You use the following synchronization techniques.

  1. The map with live socket data is behind an atomic reference, this allows safely switching the map.
  2. The updateLiveSockets() method is synchronized (implicitly on this), this will prevent switching the map by two threads simultaneously.
  3. You make a local reference to the map when using it to avoid mixups if the switch happens during the getNextSocket() method.

Is it thread safe, as it is now?

Thread safety always hinges on whether there is proper synchronization on shared mutable data. In this case the shared mutable data is the map of datacenters to their list of SocketHolders.

The fact that the map is in an AtomicReference, and making a local copy for use is enough synchronization on the map. Your methods take a version of the map and use that, switching versions is thread safe due to the nature of AtomicReference. This could also have been achieved with just making the member field for the map volatile, as all you do is update the reference (you don't do any check-then-act operations on it).

As scheduleAtFixedRate() guarantees that the passed Runnable will not be run concurrently with itself, the synchronized on updateLiveSockets() is not needed, however, it also doesn't do any real harm.

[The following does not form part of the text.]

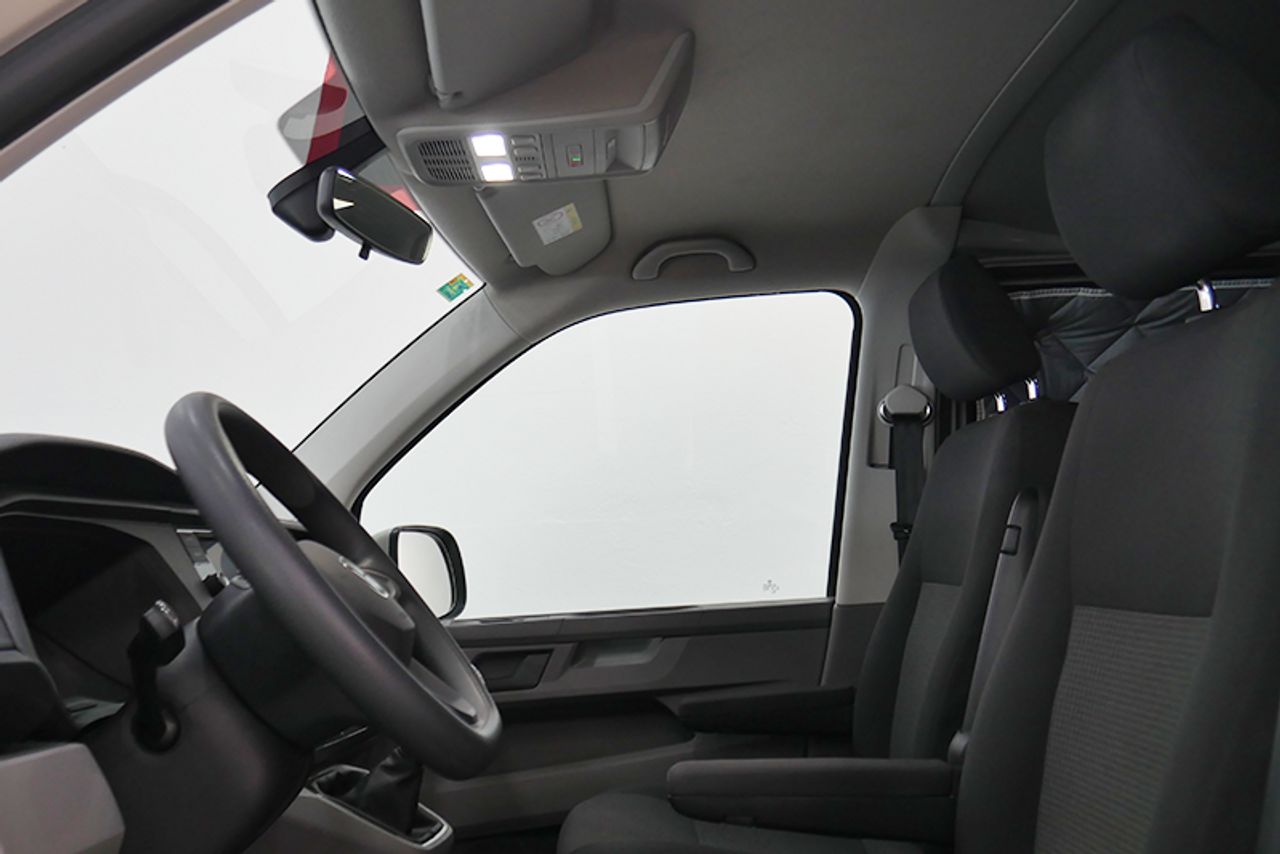 Foto Volkswagen Multivan 10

So yes, this class is thread safe, as it is.

However, it's not entirely clear if a SocketHolder can be used by multiple threads simultaneously. As it is, this class just tries to minimize concurrent use of SocketHolders by picking a random live one (no need to shuffle the entire array to pick one random index though). It does nothing to actually prevent concurrent use.

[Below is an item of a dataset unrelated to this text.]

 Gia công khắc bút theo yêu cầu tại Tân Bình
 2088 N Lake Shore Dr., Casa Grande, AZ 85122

Can it be made more efficient?

I believe it can. When looking at the updateLiveSockets() method, it seems it builds the exact same map, except that the SocketHolders may have different values for the isLive flag. This leads me to conclude that, rather than switching the entire map, i just want to switch each of the lists in the map. And for changing entries in a map in a thread safe manner, I can just use ConcurrentHashMap.

If I use a ConcurrentHashMap, and don't switch the map, but rather, the values in the map, I can get rid of the AtomicReference.

To change the mapping I can just build the new list and put it straight into the map. This is more efficient, as I publish data sooner, and I create fewer objects, while my synchronization just builds on ready made components, which benefits readability.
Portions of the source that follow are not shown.